Also this system is limited in the numbers it can express in practice. There is no "ten million" symbol, so in order to write out ten million, you would have to write out ten of the seventh glyph ( Man with arms raised in astonishment) . A large enough number would require more copies of the seventh glyph than a scribe could reasonably write out

VVVVVVVVVV ... ... VVVVVVVVVV (with V Vs) = million million

From the Egyptians standpoint however this was not an important draw back, because numbers in the millions were rare. So rare in fact that the seventh glyph was sometimes used to represent a very large unknown quantity; in other words, "many".

Later civilizations would go along similar lines as the Egyptians in their numeration systems. The popular Roman numerals provide a few interesting innovations on the basic scheme laid out by the Egyptians.

ROMAN NUMERALS

Like the Egyptians the Romans used a set number of symbols to represent various denominations.

They used some of the letters from their own alphabet. The Seven letters they used were ...

I V X L C D M

Again the " I " represented a single tally mark.

The V was not "ten" but "five" tally marks ...

V = IIIII

The X was "two" V's or "ten" tallies ...

X = VV = IIIII IIIII

The L was five X's

L = XXXXX

The C was two L's , or ten X's

C = LL = XXXXX XXXXX

The D was five C's

D = CCCCC

and the M was two D's, or ten C's

M = DD = CCCCC CCCCC

In other words, the Romans had symbols for the denominations of one , five , ten , fifty , one hundred , five hundred , and a thousand. These denominations are still in use today on printed money, which often includes denominations such as five, twenty , and fifty.

Again symbols were combined additively to form a sum representing a number. The use of "half-way" symbols such as V , L , and D helped to shorten and simplify the cases. For example 888 would be ...

DCCCLXXXVIII

X is equivalent to the bow, C to the curly staff, and M to the lotus plant.
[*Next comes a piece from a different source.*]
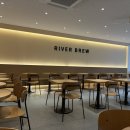 잠시 쉬기 좋은 여의나루 리버브루(River Brew) 카페! 라떼 맛집 후기!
Originally the system only worked additively, so that numbers such as 44 would be expressed as ...

XXXXIIII

later in the systems development though, there was a further truncation. If 2 consecutive symbols were written in ascending order instead of the usual descending, then you would subtract the smaller unit from the larger. For example, instead of writing IIII for four, one would write IV . This is what most people are familiar with.

Oddly this rule only applies under specific set-ups. So something like IC which we could interpret as 99 inductively, would not be a legal construction.

Instead only these combination's were used ... IV IX XL , XC , CD , CM

No other ascending combination's were allowed. So the numerals would usually go this way ...

I , II , III , IV , V , VI , VII , VIII , IX , X , XI , XII , XIII , XIV , XV , XVI , XVII , XVIII , XIX , XX , XXI , etc.

using these rules greatly shortened the expressions cutting them in half since each denomination would never require more than 4 symbols.

Still one might complain that they only got as far as the lotus (thousands).

It turns out that they also implemented a way to notate larger numbers much later.

To form new denominations after M, one would write a bar over a symbol to multiply it by a factor of M . So for example V with a bar on top would be MMMMM or five M's. X bar would be ten M's, and so on. This means that M bar would be the same as the seventh glyph (millions). It was also possible to continue "indefinitely" by adding another bar and another as necessary to form newer and newer denominations.

Because I can't use bars I will instead use the slash ( / ) before a symbol to signify multiplying it by a factor of M (thousand).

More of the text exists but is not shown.